Look up in the night sky during winter months and you can easily spot three bright stars arranged in a short line. This is the belt of Orion, the Hunter. Just below the belt, 1,600 light-years away from us, is a cloud of gas and dust visible in small telescopes under dark skies. Embedded in that cloud, called Orion's Nebula, are several clusters of star formation, including one called the Trapezium.

The bright stars of the Trapezium illuminate the gas and dust of the nebula, as seen in many popular astronomy pictures.

It is a chaotic place, the Trapezium. Huge stars are born and die rapidly, zapping the region with intense radiation, tossing their weight around and gravitationally booting smaller stars to kingdom come. No one ever thought it would be much of a place to conceive planets.

Least of all John Bally, a star-formation expert at the University of Colorado. Some of the foundation for Boss' theory is based on work done by Bally and his colleagues, Dave Hollenbach at NASA's Ames Research Center and Doug Johnstone, now with the Hertzberg Institute for Astrophysics in British Columbia.

"The gas giant planets must either form fast -- by a process such as Boss's gravitational disk instability -- or such planets will turn out to be relatively rare," Bally told SPACE.com.

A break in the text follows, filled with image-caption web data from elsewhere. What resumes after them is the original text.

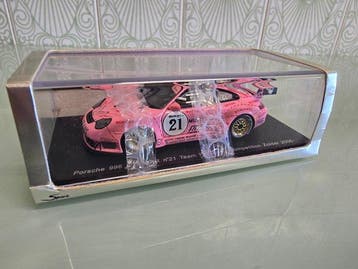 Spark 1:43 - Voiture de course miniature - Porsche 996 GT3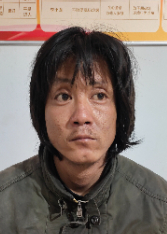 走失者照片 临沂寻亲：青年男子被救助，穿棕色夹...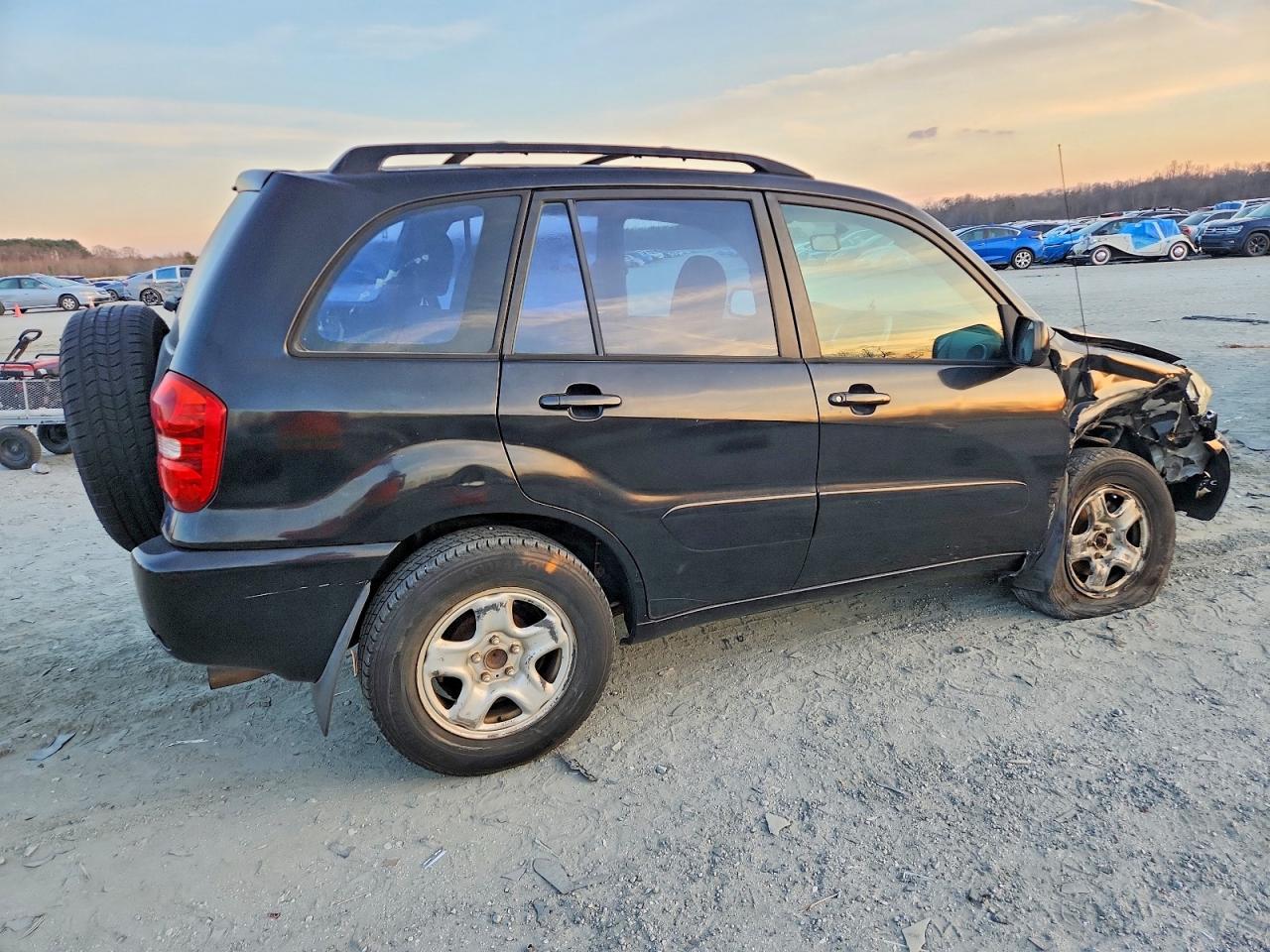 2005 TOYOTA RAV4 photo 3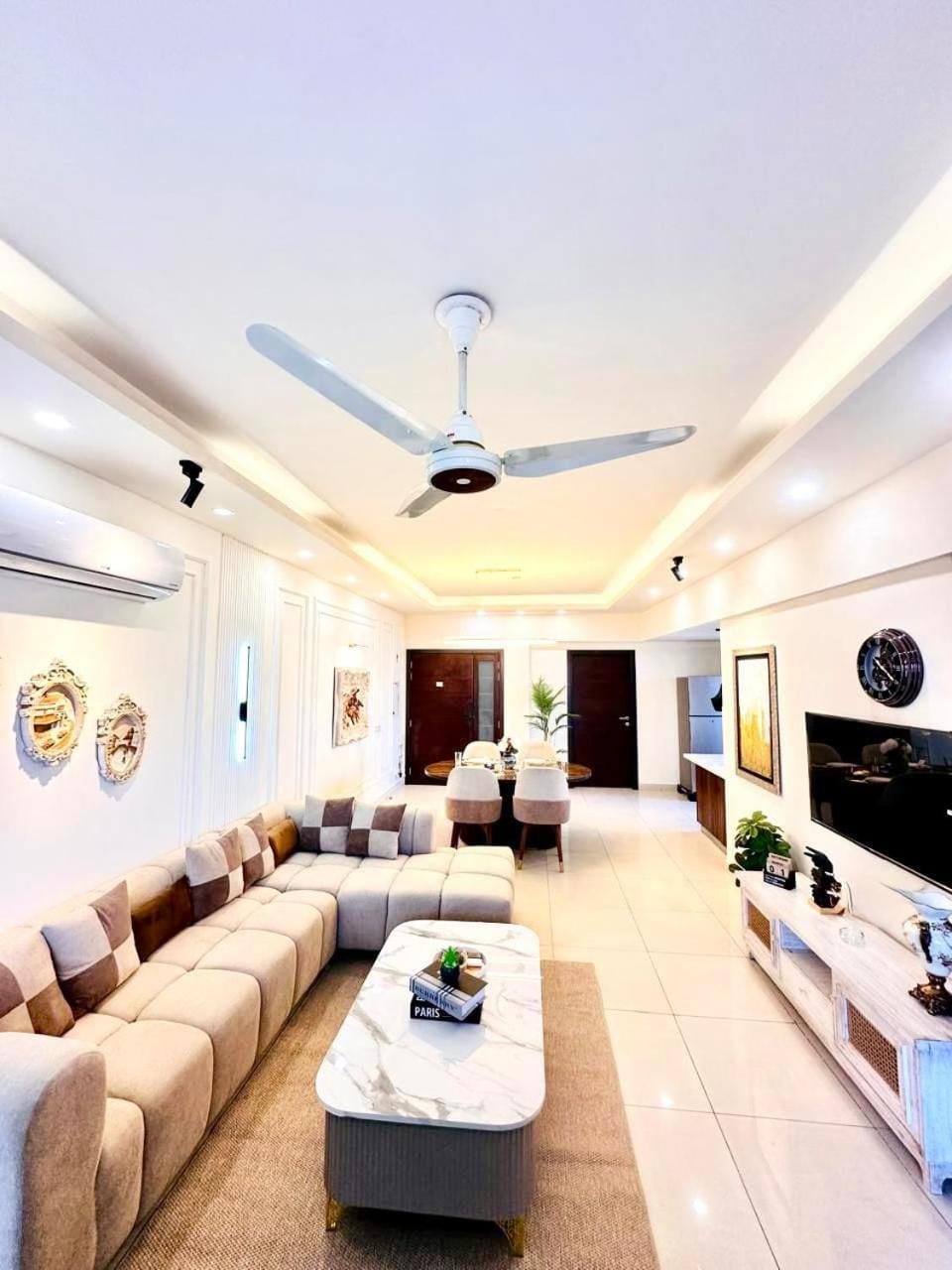 TV and multimedia, Living room, Seating area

Importantly, Bally has shown that up to 90 percent of all stars are born in Orion-like environments. If our Sun was not created in Orion, then it is exceptional for having a birthplace in the sort of calmer location where only 10 percent of stars come from. And if giant planet formation is difficult in Orion, then solar systems like ours will be rare.

Our Sun, Bally says, could certainly have been among the stars booted out of Orion. This scattering process was detailed recently by other researchers, though there is little hope of determining our birthplace any time soon, they say.

While Bally and others have viewed Orion as a hostile place, Alan Boss uses the Orion radiation to his advantage.

Like all planet-formation theorists, Boss wondered why Jupiter and Saturn are mostly gas while Neptune and Uranus have more of their mass tied up in rock and ice. If the solar system began its existence in Orion, he figured radiation could have stripped the gas from the outer planets as they developed, leaving behind the ice and rock that had served as the core of the protoplanet.

In fact, Boss says, the problem for the disk instability mechanism would not be a lack of time to form a planet, as Bally has suggested, but rather having enough time for the UV radiation to then strip most of the gas from the outer planets.

If Boss is right, the standard model will undergo a radical change. However, he cautions that the new approach is by no means definitive, and observational tests cannot be readily envisioned.

"If people accept this wild and new idea, then it would be a paradigm shift," Boss said. "But the majority of scientists aren't aware of it, and those that are have reservations."

One of them is Harold Levison of the Southwest Research Institute in Boulder, Colorado.

"The thing we've learned in the last couple years is that the standard model cannot work," Levison said. "I applaud Alan for trying to think in a new direction. I happen to think it's not right. But it's ideas like this that the science needs to evolve to the right answer."